Man Arrested In Vatican Over Papal Documents Leak

ROME (CNN) -- The Vatican has confirmed the arrest of a non-clerical staff member on suspicion of leaking confidential documents to an Italian journalist.

"A man, not a priest, is under arrest following the investigations that led the Vatican police to identify a person holding illegally private documents," Vatican spokesman Federico Lombardi told CNN in a telephone interview Friday.

Italy's ANSA news agency identified the man as 46-year-old Paolo Gabriele, the papal butler, who is one of only a handful of people with access to the pontiff's private desk.

Gabriele has worked for Pope Benedict since 2006 and his job included handing out rosaries to dignitaries and riding in the front seat of the "Popemobile," a vehicle used for public papal appearances, according to ANSA and evidenced in many photographs showing Gabriele with the pope.

Last month, the Vatican gave Cardinal Julian Herranz a "pontifical mandate" to uncover the source of hundreds of personal letters and confidential documents that have been released to Gianluigi Nuzzi, an Italian journalist and author of "Sua Santita" or "His Holiness" in which he published the documents.

Nuzzi would not confirm the identity of his sources, but he told CNN that his primary source, who he referred to as "Maria" in his book, "risked life and limb" if ever found out.

Nuzzi will not identify the gender or ages of his sources, but he told CNN that they worked inside the Vatican. He would not confirm if they were clergy or not.

Nuzzi told CNN that he has not been questioned in connection with the arrest. The Vatican called the publication of his book "criminal" when it was released last Saturday in Italian.

It has risen to number 1 in Italian book sales, according to Feltrenelli and Mondadori booksellers.

Nuzzi's book highlights an internal power struggle within the Vatican through numerous documents including faxes, personal letters and inter-Vatican memos.

Nuzzi told CNN that he received the documents during a year of private meetings in secret locations.

The documents show that the allegations of corruption and money laundering were a concern for a number of high ranking prelates, including Carlo Maria Vigano, who is now the Papal Nuncio in Washington, DC.

Vigano wrote in a series of letters to the pope that he was concerned about the spread of corruption and that his move to Washington would stir speculation.

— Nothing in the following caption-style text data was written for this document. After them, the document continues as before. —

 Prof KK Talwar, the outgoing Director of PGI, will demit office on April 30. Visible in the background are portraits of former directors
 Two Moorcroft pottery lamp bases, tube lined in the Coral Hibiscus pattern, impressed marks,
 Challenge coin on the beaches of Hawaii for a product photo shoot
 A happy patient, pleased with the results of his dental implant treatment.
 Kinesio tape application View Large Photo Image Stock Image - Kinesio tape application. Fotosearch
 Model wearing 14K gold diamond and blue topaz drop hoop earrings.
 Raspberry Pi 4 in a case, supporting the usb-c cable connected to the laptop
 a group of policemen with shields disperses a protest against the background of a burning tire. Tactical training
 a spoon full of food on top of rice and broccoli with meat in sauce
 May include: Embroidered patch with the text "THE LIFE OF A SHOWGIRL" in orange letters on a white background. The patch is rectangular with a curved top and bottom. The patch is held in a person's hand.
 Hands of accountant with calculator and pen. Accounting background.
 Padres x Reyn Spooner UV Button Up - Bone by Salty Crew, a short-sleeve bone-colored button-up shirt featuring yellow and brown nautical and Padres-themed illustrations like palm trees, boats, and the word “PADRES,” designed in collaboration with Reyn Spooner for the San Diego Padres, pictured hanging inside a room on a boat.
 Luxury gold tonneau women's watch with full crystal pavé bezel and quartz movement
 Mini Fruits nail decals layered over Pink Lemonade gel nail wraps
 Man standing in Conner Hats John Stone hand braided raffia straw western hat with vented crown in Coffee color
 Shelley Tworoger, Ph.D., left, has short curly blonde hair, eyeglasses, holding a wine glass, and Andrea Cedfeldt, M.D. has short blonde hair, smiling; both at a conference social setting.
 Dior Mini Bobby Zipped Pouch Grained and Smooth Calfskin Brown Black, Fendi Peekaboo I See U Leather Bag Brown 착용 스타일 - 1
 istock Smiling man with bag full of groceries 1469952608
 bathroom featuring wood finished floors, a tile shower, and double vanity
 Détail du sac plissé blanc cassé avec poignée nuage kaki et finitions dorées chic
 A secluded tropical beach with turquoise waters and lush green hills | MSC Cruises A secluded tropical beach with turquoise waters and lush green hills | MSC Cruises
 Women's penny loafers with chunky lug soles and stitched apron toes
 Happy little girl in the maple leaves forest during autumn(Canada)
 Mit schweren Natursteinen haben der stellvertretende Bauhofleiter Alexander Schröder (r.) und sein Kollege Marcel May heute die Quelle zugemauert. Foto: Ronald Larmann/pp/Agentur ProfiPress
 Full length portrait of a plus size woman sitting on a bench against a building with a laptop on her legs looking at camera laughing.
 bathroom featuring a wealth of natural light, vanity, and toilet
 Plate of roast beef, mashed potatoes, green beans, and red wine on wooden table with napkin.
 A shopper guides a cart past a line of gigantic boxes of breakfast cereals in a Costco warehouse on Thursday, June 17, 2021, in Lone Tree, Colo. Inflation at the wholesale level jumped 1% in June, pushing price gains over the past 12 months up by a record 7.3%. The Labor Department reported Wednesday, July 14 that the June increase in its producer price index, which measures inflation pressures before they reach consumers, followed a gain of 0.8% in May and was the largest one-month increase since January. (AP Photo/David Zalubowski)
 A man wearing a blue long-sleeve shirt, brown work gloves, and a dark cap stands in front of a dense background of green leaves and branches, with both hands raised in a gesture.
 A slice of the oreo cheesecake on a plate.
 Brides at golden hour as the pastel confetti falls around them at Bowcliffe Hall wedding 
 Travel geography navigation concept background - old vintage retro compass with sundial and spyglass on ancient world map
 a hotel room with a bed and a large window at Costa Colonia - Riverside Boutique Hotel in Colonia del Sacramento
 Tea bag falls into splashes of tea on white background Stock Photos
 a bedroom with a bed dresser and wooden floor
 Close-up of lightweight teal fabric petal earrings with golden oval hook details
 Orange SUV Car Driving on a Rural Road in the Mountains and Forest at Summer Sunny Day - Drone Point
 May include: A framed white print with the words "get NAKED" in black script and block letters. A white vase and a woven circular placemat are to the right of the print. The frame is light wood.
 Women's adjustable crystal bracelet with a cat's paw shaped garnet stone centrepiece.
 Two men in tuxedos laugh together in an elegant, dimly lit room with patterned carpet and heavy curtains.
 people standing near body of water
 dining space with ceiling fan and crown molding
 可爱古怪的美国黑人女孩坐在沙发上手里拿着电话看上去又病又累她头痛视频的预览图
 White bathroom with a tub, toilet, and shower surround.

"Holy Father, my transfer at this time would provoke much disorientation and discouragement in those who have believed it was possible to clean up so many situations of corruption and abuse of power that have been rooted in the management of so many departments," according to his letter which was published in the book.

The Vatican has not denied the authenticity of the documents, but instead says the breach of privacy is a criminal act.

The Vatican has its own judicial system, separate from the Italian judicial system.

The suspect is being held in a special cell within the Vatican City, a walled enclave within Rome, according to Lombardi.

There is no information about whether his legal defense will be from one of the Vatican's house lawyers, or if he will use the services of a lawyer outside the Vatican system.

Nicola Picardi, the Vatican's chief prosecutor, is leading the investigation, according to Lombardi. The pope is "saddened and shocked" at the arrest, he added.